§ DATA EXTRACT:

####################

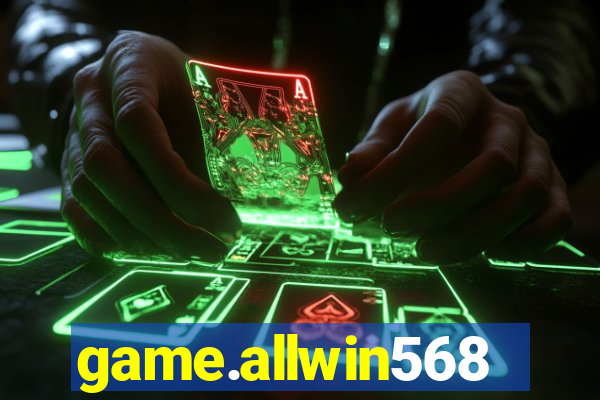 game.allwin568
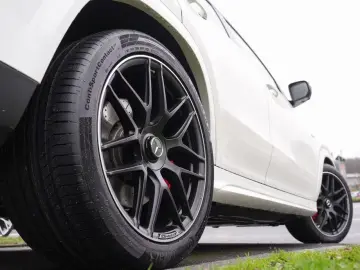 Mercedes-Benz GLE 53 AMG 4M  Coupé Night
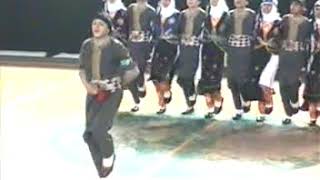 Urfa Halk Oyunlari Sai̇d Çeli̇k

####################

Repeat the material exactly, without images.

 game.allwin568
 Mercedes-Benz GLE 53 AMG 4M  Coupé Night
 Urfa Halk Oyunlari Sai̇d Çeli̇k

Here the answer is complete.